On SkyLake(CPUs with AVX512) both version of LOOP1 (with and without FMA) would
work the same time because the latency of ADD is equal to latency of FMA there.

Example2:
The same problem still can be easily reproduced on SkyLake even though the
latencies of MUL/ADD/FMA are all equal there:

// LOOP2
for (unsigned i = 0; i < N; i++) {
  accu = a[i] * b + c[i] * d + accu;
}

There may be at least 3 different sequences for the LOOP2:
S1: 2xFMAs: ACCU = FMA(a[i],b,FMA(c[i],d,ACCU); LATENCY = 2xLAT(FMA) = 2*4
S2: 0xFMAs: ACCU = ADD(ADD(MUL(a[i],b),MUL(c[i],d)),ACCU) LATENCY = 2xLAT(ADD) = 2*4
S3: 1xFMA: ACCU = ADD(ACCU, FMA(a[i],b,MUL(c[i]*d))) // LATENCY = 1xLAT(ADD) = 4

In (S3) the MUL and FMA operations do not add anything to the latency of the whole expression
because Out-Of-Order CPU has enough execution units to prepare the results of MUL and FMA
before they are ready to be consumed by ADD.
So (S3) would be about 2 times faster on SkyLake and up to 3.3 times faster on Haswell.

Example3:
It shows that the heuristics that could be implemented for Example1 and Example2
may be wrong if applied without the whole loop analysis.

// LOOP3
for (unsigned i = 0; i < N; i++) {
  accu1 = a1[i] * b + c1[i] * d + accu1;
  accu2 = a2[i] * b + c2[i] * d + accu2;
  accu3 = a3[i] * b + c3[i] * d + accu3;
  accu4 = a4[i] * b + c4[i] * d + accu4;
  accu5 = a5[i] * b + c5[i] * d + accu5;
  accu6 = a6[i] * b + c6[i] * d + accu6;
  accu7 = a7[i] * b + c7[i] * d + accu7;
  accu8 = a8[i] * b + c8[i] * d + accu8;
}

This loop must be tuned for throughput because there are many independent DAGs
putting high pressure on the CPU execution units.
The sequence (S1) from example2 is the best solution for all accumulators in LOOP3:
"ACCUi = FMA(ai[i] * b, FMA(ci[i] * d, ACCUi)".
It works faster because the loop is bounded by throughput.

On SkyLake:

T = approximate throughput of the loop counted in clock-ticks = 
  N * 16 operations / 2 execution units = N*8
L = latency of the loop = 
  N * 2*Lat(FMA) = N*2*4 = N*8

The time spent in such loop is MAX(L,T) = MAX(N*8, N*8).

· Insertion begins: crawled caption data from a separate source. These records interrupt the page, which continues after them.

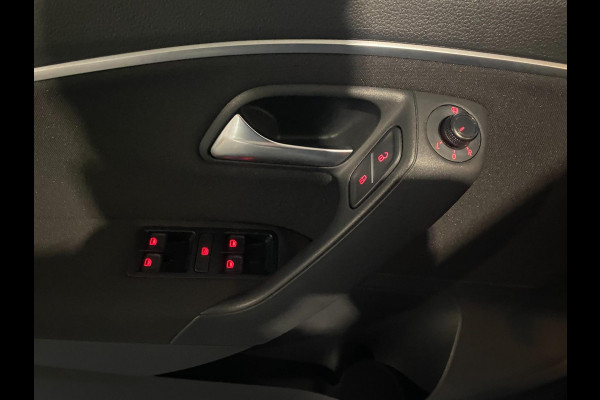 Volkswagen Polo 1.0 Comfortline Allstar Navigatie Parkpilot Cruisecontr Clima Stoelverw KM : 57.000 !!! Volkswagen Polo 1.0 Comfortline Allstar Navigatie Parkpilot Cruisecontr Clima Stoelverw KM : 57.000 !!!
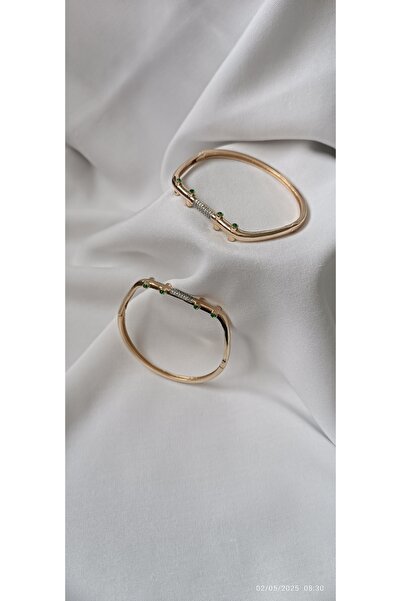 ARİ TAKI Handcuffs with Green Stone Rose&Gold
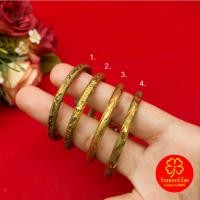 ราคา กำไลหลอดคลิปล็อคทองเหลืองตัดลาย เส้นผ่านศูนย์กลาง 3-4 ซม. ใส่ในชีวิตประจำวันได้ พร้อมส่ง (40678083433)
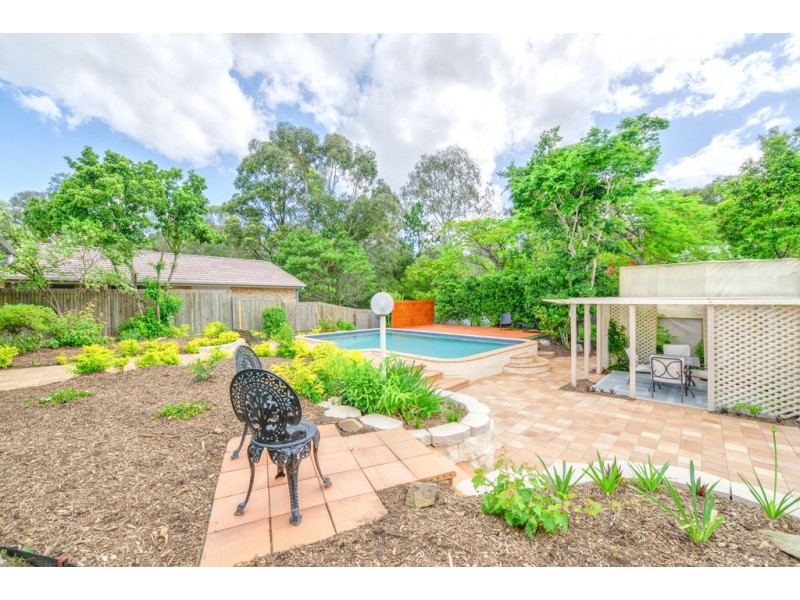 27 Allamanda Drive, Camira QLD 4300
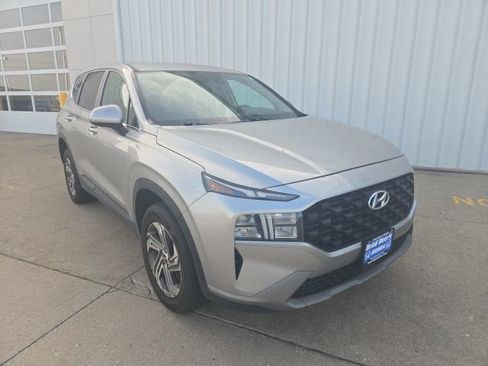 Used 2021 Hyundai Santa Fe SE AWD/4WD image 2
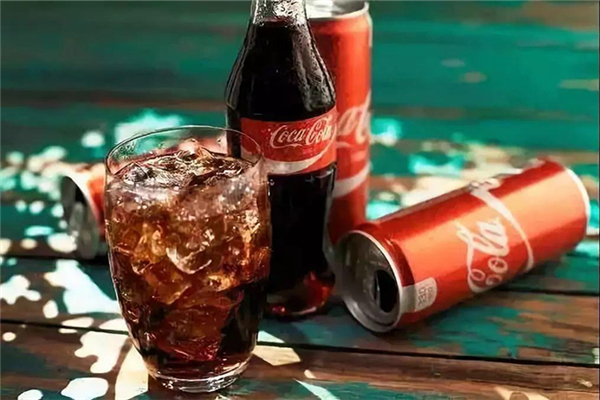 男孩開冰可樂被炸傷縫38針 冰可樂會不會爆炸 男孩開冰可樂被炸傷縫38針 冰可樂會不會爆炸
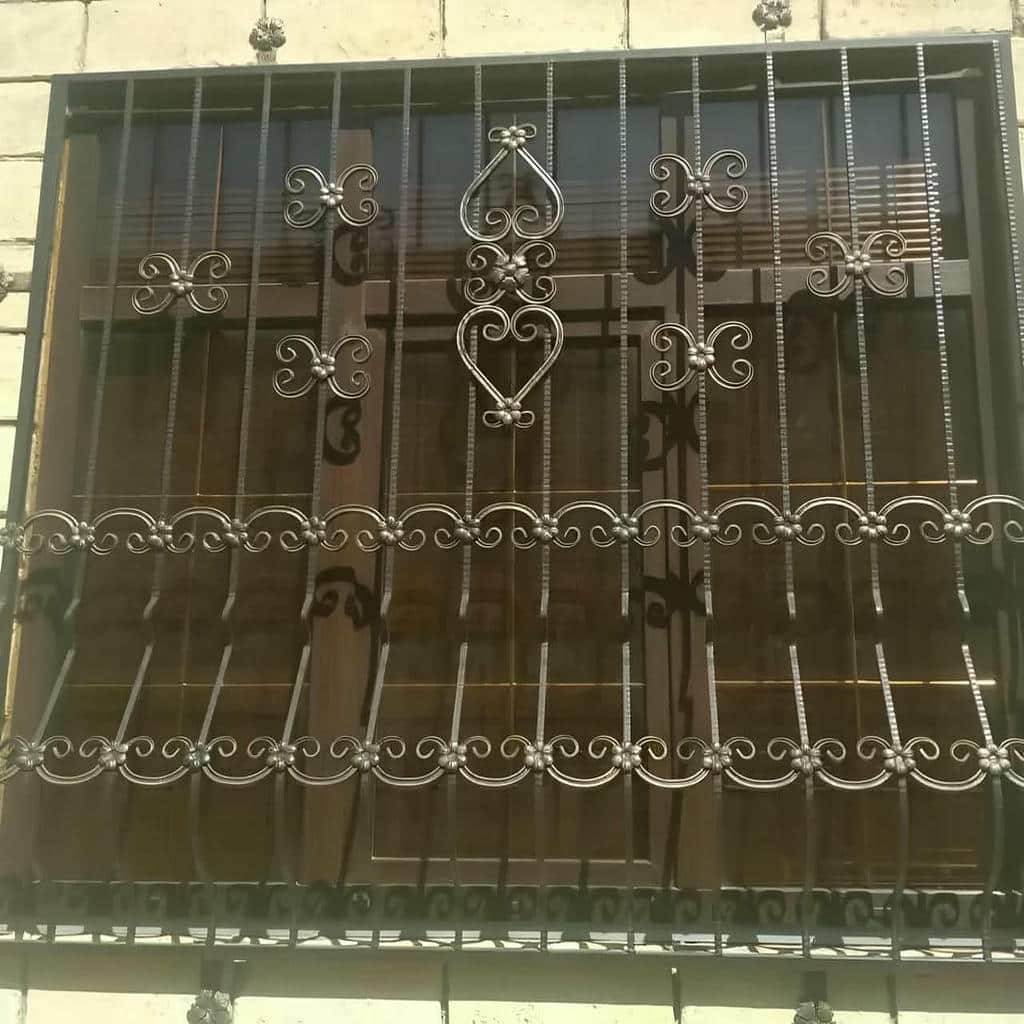 خرید حفاظ پنجره ساده آهنی در محمودآباد
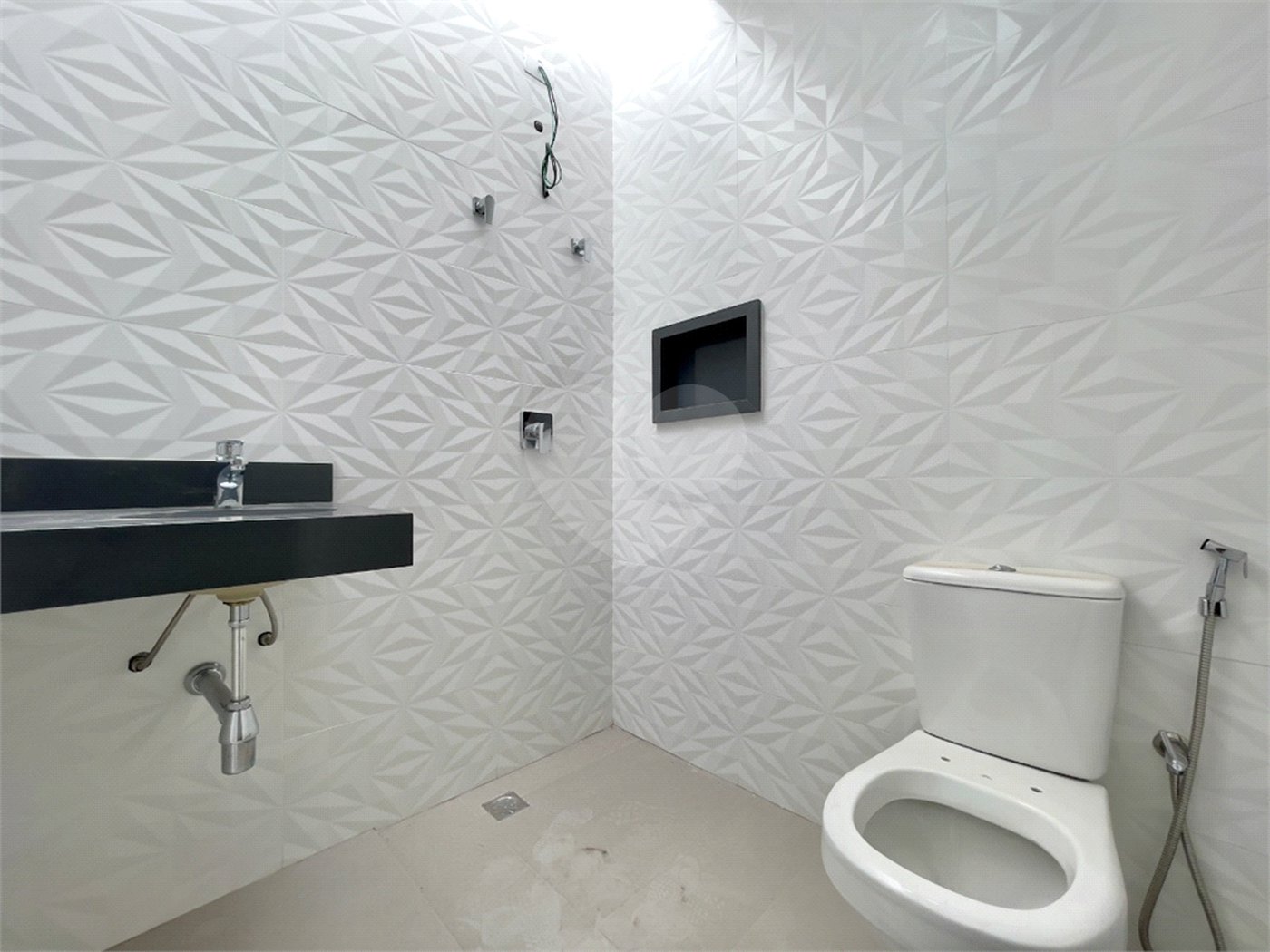 Casa à venda com 3 suítes no condomínio Th Harmonia, São Paulo - SP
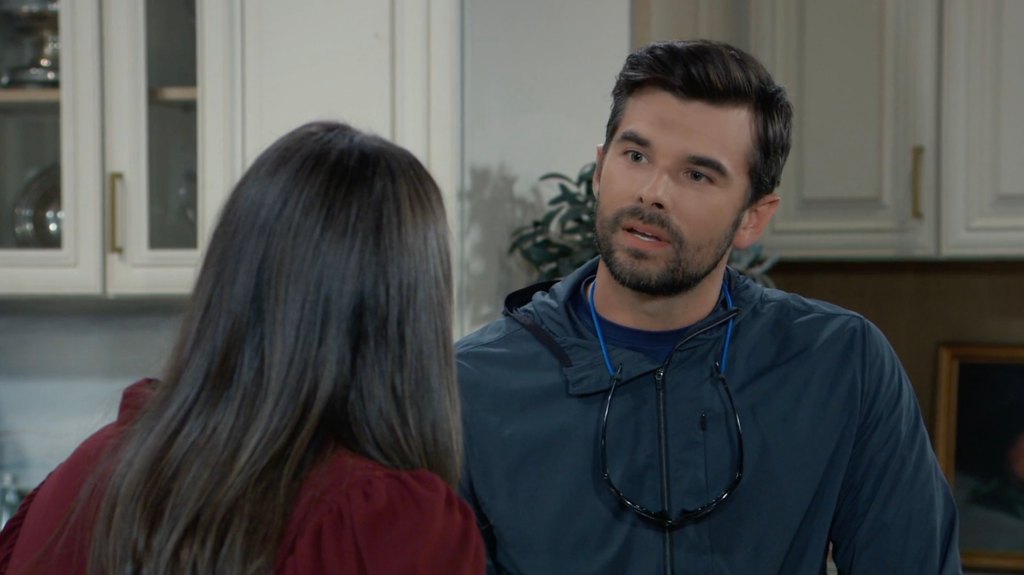 Chase talking to Brook Lynn on General Hospital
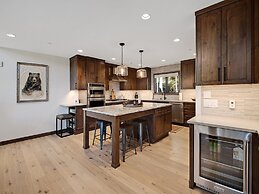 Greenhill Court Chalet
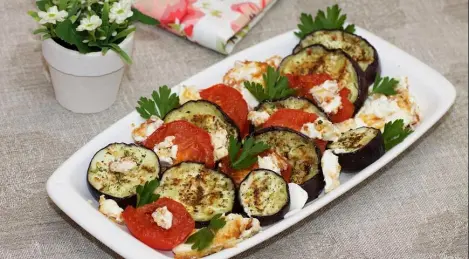 Appetizer salad with fried cheese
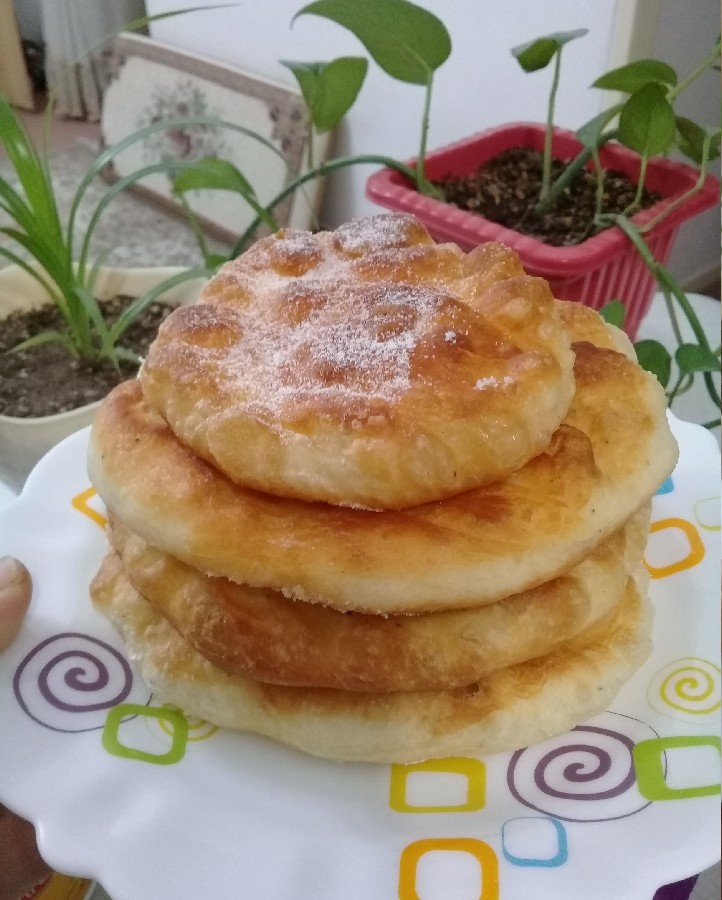 عکس چلپک (نان روغنی افغانستانی)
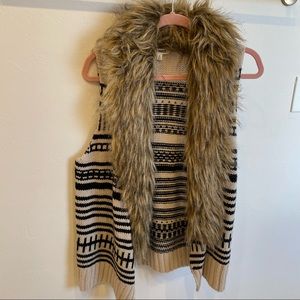 BB Dakota black and cream with fur detail vest- small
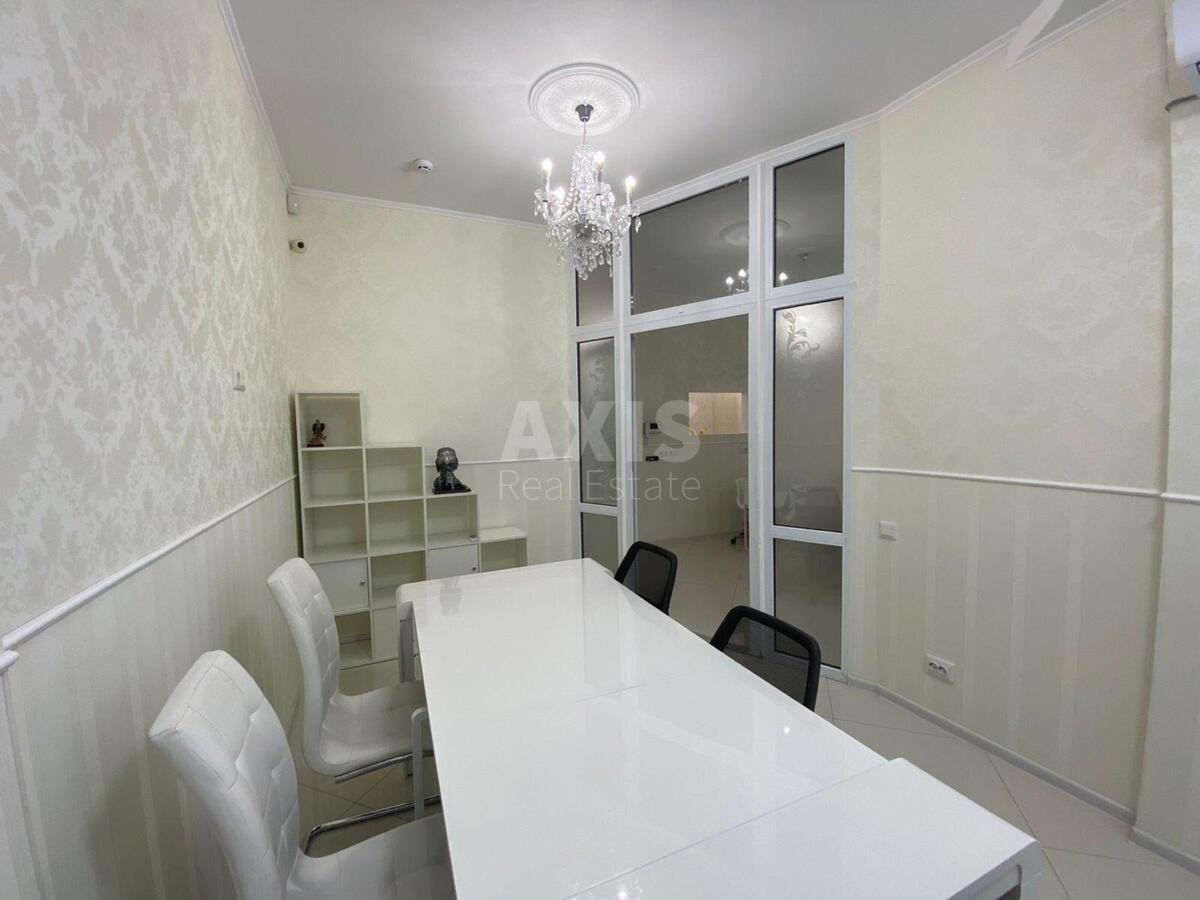 Офис ул. Чавдар Елизаветы 5, 55м2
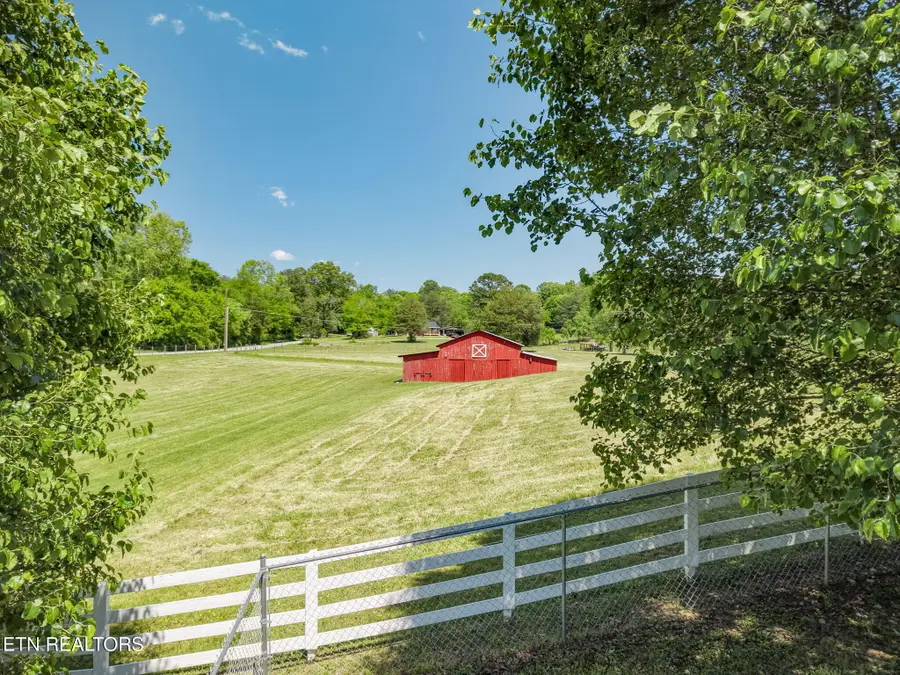 415 Lawnville Rd, Kingston, TN 37763 - #2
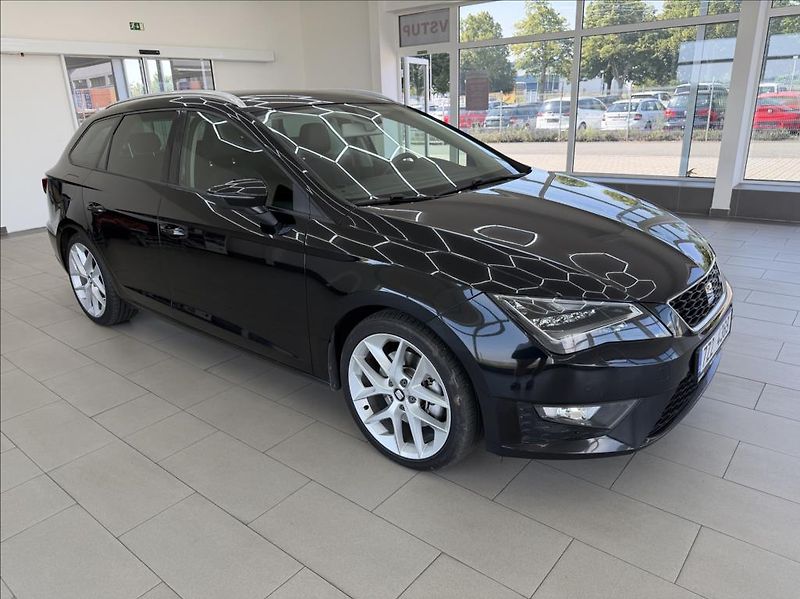 Seat Leon 2,0 TDi, FR-Line, DSG, Navi - fotka 7 z 34
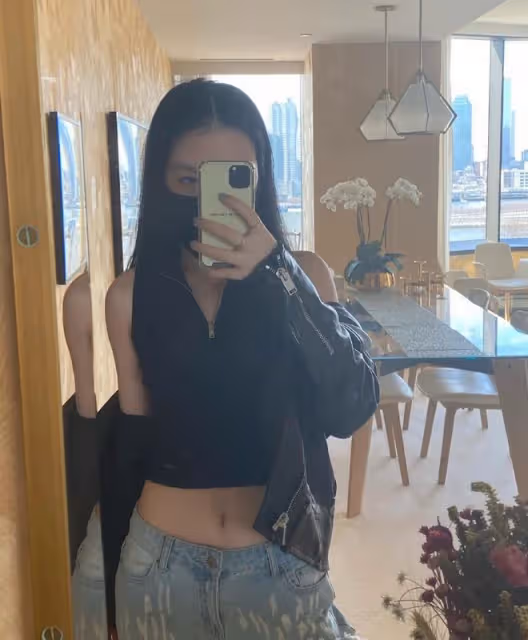 李詠女兒曬自拍!穿黑色弔帶裙瘦出排骨胸,打扮成熟壓根不像23歲
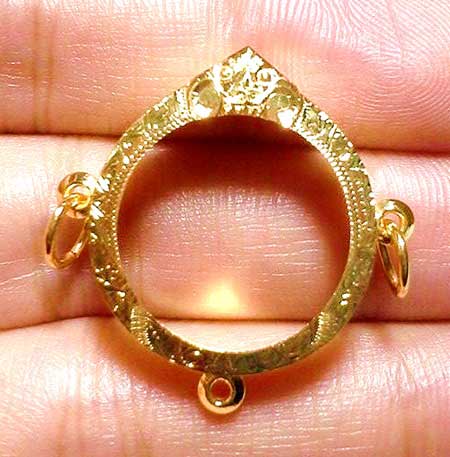 กรอบทองยกซุ้ม สามห่วง ใส่เหรียญกลม/ลูกอม ที่มีขนาดกว้าง+สูง1.7ซมน้ำหนัก1.63 กรัมราคา2620 บาท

The attempts to replace FMAs with MUL and ADD may reduce (L), but will increase (T),
the time spent in the loop is MAX(L,T) will only be bigger.

Example4:
There may be mixed tuning, i.e. for both throughput and latency in one loop:

// LOOP4
for (unsigned i = 0; i < N; i++) {
  accu1 = a1[i] * b + c1[i] * d + accu1; // tune for latency
  accu2 = a2[i] * b + accu2; // tune for throughput
  accu3 = a3[i] * b + accu3; // tune for throughput
  accu4 = a4[i] * b + accu4; // tune for throughput
  accu5 = a5[i] * b + accu5; // tune for throughput
  accu6 = a6[i] * b + accu6; // tune for throughput
}

On Haswell:
If generate 2 FMAs for ACCU1 and 1 FMA for each of ACCU2,..6, then

Latency of the loop is L = N*2*Latency(FMA) = N*2*5   
Throughput T = N * 7 / 2
MAX (L,T) = N*10

Using 1xMUL+1xFMA+1xADD for ACCU1 will reduce the latency L from N*2*5 to

L = N*Latency(FMA) = N*5,
and will only slightly increase T from N*3.5 to 
T = N * 8 operations / 2 execution units = N*4

As a result using sequence (S3) will reduce MAX(L,T) from N*10 to MAX(N*5,N*4) = N*5.

Splitting FMAs in ACCU2,..6 will only increase MAX(L,T).

L = N*Latency(ADD) = N*3
T = N * 13 operations / 2 = N*6.5
MAX(L,T) = MAX(N*3, N*6.5) = N*6.5.

So, the best solution in example4 is to split 1 FMA in ACCU1, but keep all other FMAs.
`

In D25291#564563, @evandro wrote:

Everyone's testing should not gate M1.

No, but this patch has been reverted before, and I'd rather wait for Eric's comment before pushing this again.

Making it a hidden disabled option would give you the ability to enable downstream and us the ability to test on other cores / situations, and wouldn't break Eric's tests.

cheers,
--renato

In D25291#564633, @rengolin wrote:

No, but this patch has been reverted before, and I'd rather wait for Eric's comment before pushing this again.

@echristo, @rengolin insists on your input.

Note that I recommitted D25440 at rL284746 which will affect this patch - should make it smaller. :)
I think that commit will stick this time; the bots that failed with the earlier version appear happy now.

In D25291#575729, @spatel wrote:

Note that I recommitted D25440 at rL284746 which will affect this patch - should make it smaller. :)

Thank you for the heads up.